From: JC Gumbart (gumbart_at_ks.uiuc.edu)
Date: Sat Aug 18 2012 - 18:24:08 CDT
Sorry for taking so long to reply, but I've been running a battery of tests to try to get to the bottom of this.
I had seen your previous post and was hoping you would chime in. The problem here is that I want the actual pressure profiles, not the surface tension (I was just trying that as a check, and I did try it as well with T = 0). So I can't just ignore the kinetic term.
I ran my tests on a water box, calculating the profiles both during and post-processing. Through trial and error, I determined that the proper approach for post-processing is to run two calculations, both with the exact same configuration as the simulation itself (including both runs using PME), one to get all the contributions except for the Ewald part and one just to get Ewald. An important point I figured out here: the value of pressureProfileEwaldX,Y,Z really matters. When I used 20, it was much slower, but gave different results than 10. I tried 40, which is extremely slow, but is almost the same as 20, suggesting that using a value of 20 ensures this quantity is converged.

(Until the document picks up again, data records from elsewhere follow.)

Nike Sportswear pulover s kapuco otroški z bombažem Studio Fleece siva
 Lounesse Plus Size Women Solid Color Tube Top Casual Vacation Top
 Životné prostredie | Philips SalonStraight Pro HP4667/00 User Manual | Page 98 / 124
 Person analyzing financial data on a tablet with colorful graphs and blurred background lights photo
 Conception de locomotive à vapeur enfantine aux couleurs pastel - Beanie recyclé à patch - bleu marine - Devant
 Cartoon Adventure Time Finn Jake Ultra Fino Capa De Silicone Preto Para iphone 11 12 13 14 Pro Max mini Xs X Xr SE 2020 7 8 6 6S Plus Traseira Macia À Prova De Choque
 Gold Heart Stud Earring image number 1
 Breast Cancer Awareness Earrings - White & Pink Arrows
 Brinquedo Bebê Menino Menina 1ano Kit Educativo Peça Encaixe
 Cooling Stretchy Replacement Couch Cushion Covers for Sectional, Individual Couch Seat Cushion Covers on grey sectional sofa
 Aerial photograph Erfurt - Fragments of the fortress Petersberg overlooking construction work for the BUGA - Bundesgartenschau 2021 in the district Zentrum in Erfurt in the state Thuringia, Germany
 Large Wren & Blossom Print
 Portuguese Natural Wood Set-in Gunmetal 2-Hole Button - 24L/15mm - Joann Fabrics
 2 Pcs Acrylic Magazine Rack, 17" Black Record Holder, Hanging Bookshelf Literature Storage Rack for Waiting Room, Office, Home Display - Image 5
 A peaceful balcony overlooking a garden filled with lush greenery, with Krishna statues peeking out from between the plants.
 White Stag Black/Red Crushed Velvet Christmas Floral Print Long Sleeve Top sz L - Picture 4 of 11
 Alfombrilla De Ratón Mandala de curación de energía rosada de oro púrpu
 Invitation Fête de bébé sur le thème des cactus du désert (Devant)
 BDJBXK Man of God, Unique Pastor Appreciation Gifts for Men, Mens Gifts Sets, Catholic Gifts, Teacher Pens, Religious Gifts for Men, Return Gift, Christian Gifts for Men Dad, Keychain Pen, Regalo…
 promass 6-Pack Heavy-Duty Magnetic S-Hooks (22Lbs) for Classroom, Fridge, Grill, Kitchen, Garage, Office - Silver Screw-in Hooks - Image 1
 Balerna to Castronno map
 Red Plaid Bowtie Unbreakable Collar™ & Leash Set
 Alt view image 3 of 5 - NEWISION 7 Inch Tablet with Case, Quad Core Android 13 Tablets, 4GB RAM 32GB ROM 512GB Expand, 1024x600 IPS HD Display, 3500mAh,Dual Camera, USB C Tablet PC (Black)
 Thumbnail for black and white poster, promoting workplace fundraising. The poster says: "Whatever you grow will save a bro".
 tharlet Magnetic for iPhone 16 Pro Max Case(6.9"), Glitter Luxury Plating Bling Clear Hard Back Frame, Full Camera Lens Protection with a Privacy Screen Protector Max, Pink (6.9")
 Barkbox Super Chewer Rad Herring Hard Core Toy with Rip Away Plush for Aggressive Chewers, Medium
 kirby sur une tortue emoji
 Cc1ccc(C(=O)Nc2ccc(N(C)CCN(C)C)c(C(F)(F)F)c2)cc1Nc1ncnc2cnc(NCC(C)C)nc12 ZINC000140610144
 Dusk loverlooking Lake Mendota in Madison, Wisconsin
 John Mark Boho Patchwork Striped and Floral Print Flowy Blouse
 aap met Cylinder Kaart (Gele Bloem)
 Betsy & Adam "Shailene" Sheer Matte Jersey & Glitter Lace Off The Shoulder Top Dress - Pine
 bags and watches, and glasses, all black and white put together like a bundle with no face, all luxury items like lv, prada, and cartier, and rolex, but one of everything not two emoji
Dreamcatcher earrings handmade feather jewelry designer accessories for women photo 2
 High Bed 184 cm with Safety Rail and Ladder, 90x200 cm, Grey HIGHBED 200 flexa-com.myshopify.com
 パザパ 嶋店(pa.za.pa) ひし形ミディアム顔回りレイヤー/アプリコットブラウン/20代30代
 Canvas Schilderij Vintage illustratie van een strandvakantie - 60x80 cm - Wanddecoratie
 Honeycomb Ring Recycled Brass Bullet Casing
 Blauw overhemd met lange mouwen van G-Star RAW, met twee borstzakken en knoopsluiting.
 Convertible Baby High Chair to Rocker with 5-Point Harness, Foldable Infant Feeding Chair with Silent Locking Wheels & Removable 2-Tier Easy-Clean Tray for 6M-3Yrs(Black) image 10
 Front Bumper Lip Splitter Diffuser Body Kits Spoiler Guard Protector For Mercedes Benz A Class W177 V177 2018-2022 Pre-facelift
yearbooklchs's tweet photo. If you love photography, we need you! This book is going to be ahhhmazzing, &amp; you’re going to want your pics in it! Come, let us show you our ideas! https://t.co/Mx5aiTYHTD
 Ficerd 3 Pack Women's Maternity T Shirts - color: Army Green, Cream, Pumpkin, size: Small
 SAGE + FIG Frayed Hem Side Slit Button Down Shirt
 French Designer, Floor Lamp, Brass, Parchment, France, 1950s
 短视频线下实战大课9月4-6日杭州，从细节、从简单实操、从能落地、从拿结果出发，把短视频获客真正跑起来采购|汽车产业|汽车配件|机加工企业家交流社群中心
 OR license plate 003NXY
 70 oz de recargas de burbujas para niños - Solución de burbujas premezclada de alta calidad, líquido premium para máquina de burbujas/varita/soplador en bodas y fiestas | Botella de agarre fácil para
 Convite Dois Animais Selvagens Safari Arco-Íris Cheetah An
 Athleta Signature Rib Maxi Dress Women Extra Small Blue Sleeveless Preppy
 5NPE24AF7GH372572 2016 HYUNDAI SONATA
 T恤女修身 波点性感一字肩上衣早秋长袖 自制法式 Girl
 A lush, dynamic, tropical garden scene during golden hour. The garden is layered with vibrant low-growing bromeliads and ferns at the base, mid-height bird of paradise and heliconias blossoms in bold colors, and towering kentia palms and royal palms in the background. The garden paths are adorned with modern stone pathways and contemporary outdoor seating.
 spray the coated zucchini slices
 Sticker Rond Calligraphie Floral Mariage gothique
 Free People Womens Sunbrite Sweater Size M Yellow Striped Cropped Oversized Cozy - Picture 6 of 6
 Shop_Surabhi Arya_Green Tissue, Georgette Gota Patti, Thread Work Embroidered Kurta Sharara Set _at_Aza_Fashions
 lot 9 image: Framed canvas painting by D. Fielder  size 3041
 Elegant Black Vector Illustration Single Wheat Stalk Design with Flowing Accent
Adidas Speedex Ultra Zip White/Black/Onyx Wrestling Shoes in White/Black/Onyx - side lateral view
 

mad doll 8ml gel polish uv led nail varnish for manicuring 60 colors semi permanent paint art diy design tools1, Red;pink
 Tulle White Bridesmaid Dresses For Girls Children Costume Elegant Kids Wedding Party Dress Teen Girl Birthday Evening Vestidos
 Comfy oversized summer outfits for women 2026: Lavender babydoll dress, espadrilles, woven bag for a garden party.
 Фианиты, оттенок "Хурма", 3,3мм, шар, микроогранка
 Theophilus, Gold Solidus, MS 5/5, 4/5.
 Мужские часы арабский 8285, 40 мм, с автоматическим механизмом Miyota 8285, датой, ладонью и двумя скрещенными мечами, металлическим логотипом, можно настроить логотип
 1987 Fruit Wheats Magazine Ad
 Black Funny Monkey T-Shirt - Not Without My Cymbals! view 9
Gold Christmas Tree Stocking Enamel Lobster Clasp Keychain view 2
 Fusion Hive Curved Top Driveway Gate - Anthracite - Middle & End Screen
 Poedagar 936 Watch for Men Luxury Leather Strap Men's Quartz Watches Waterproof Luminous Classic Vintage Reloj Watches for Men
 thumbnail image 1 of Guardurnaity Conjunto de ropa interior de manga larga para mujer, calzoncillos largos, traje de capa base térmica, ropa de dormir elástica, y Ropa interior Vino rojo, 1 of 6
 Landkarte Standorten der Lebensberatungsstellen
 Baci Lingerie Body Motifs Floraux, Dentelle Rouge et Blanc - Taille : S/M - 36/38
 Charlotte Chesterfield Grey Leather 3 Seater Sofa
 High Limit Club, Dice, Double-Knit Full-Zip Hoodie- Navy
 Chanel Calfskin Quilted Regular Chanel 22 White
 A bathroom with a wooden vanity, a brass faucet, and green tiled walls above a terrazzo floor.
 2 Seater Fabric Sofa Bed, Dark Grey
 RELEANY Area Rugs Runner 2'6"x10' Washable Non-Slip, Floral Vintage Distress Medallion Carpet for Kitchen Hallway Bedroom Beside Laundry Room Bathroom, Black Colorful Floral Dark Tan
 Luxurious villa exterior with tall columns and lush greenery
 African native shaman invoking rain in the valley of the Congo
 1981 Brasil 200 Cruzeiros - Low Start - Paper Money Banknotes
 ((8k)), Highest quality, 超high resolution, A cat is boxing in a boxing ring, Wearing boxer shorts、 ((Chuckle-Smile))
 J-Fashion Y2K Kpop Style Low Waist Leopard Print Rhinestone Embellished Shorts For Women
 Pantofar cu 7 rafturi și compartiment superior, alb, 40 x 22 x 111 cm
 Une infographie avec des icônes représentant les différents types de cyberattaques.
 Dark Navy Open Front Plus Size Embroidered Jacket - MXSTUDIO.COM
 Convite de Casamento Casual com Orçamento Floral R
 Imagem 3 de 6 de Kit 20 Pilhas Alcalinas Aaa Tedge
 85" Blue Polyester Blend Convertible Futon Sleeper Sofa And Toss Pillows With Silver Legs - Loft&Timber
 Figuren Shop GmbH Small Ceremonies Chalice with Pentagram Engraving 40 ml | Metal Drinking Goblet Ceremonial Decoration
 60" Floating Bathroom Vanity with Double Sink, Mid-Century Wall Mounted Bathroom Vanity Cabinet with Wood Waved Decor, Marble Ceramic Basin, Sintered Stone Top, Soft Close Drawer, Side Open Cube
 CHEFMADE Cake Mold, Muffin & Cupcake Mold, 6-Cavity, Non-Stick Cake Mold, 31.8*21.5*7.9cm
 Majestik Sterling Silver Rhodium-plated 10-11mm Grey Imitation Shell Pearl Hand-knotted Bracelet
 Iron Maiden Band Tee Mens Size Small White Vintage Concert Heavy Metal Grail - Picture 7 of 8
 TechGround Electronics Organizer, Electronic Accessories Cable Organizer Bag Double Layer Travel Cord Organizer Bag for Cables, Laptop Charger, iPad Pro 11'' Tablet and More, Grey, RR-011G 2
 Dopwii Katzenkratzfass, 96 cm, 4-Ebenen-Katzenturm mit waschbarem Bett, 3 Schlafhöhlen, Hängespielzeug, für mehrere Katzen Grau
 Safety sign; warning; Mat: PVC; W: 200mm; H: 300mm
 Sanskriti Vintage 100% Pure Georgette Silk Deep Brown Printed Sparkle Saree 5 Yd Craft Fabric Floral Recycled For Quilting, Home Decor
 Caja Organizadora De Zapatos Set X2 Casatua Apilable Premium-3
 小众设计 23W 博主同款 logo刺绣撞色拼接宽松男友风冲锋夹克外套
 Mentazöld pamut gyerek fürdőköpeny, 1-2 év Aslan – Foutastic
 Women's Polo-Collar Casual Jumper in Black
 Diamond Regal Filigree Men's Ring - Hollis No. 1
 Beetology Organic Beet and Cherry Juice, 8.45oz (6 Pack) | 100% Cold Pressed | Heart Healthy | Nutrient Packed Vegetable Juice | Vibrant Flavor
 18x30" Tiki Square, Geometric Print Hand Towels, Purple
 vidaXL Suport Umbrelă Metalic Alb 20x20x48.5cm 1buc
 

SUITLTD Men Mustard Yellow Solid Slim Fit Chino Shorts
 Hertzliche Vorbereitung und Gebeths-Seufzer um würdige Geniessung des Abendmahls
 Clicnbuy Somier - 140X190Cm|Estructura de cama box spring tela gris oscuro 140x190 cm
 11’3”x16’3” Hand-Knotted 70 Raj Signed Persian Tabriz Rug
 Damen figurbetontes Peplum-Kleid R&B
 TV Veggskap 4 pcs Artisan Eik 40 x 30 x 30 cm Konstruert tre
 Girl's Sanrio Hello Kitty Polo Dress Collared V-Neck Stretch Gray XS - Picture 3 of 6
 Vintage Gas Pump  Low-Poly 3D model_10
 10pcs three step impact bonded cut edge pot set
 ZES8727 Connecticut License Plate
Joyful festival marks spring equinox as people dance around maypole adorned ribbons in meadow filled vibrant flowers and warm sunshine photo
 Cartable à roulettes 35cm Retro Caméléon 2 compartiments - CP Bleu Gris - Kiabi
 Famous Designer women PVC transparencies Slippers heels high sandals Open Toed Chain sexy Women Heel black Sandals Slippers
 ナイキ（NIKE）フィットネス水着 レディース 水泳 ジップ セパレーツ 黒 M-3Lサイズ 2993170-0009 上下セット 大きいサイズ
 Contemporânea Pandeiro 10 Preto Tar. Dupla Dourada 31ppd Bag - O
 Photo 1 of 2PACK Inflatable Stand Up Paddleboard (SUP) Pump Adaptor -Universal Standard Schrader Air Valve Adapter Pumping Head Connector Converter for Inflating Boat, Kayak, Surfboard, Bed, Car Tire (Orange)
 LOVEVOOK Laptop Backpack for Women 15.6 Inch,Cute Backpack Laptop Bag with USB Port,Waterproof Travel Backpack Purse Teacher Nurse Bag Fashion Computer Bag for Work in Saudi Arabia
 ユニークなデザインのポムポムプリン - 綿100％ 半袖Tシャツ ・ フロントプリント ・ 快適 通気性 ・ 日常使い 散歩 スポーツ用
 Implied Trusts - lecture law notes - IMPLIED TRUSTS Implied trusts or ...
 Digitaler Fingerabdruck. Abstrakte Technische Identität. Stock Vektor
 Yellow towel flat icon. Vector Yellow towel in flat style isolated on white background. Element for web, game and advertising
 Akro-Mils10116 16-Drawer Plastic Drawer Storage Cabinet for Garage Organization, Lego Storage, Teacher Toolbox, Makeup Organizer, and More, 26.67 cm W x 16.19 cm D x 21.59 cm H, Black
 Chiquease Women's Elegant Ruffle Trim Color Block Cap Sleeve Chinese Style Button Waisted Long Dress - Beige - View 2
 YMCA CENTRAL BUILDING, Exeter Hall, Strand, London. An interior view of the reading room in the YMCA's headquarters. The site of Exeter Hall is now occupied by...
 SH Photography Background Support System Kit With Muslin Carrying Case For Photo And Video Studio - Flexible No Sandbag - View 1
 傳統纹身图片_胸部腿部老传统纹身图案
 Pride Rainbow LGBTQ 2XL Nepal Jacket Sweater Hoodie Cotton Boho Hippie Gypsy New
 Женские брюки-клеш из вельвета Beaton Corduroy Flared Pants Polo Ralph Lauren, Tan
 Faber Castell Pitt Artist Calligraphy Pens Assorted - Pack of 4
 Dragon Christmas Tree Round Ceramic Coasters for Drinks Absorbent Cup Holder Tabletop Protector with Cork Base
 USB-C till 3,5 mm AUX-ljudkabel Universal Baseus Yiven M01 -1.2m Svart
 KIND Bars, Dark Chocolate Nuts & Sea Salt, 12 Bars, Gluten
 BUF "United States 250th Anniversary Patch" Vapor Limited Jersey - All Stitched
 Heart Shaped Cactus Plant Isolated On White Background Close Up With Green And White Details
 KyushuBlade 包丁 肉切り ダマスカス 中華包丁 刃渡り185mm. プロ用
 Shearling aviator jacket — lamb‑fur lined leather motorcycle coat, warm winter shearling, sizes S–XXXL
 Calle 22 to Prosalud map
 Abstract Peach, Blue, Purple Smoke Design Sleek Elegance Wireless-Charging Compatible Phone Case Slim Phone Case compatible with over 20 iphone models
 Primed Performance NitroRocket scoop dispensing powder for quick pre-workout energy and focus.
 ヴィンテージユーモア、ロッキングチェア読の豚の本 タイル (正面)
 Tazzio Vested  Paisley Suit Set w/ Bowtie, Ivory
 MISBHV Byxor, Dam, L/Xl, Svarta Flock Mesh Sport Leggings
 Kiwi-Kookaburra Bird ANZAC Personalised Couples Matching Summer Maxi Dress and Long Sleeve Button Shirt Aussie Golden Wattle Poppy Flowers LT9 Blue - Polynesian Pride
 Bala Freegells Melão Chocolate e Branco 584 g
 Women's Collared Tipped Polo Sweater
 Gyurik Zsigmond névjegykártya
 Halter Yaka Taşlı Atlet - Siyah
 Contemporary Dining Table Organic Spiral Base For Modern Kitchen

I also ran a test for 100 steps, getting the pressures and the profiles with 1 slab every step. From this I was able to confirm what I found above. The sum of the concurrently run profile and the Ewald component with "pPEX,Y,Z 20" gives precisely the same value as the group pressure determined by NAMD. Post-processed (therefore with a different kinetic term) was similar, but with a small deviation as expected.
Ultimately, what I'm concluding here is that the noise is primarily due to the fluctuations in the pressure calculations, not the kinetic term. Even at T=0 and a single slab, the fluctuations in the pressure profiles for the water box (and thus also the surface tension) are +/- 160 bars. So the profiles are not reliable, at least for so few samples, which is all I have from the DCDs.
So Grace, when you did your calculations, did you 1) post-process the trajectories and 2) see similar fluctuations, even at T=0?
On Aug 16, 2012, at 2:33 PM, Grace Brannigan wrote:
> Hi JC,
> I found that most of the noise in the pressure profiles was due to the ideal gas term, which is artificially noisy in post processing because velocities are randomly reassigned - see e.g.
> My guess is that you will dramatically reduce noise if you post process at almost 0 degrees.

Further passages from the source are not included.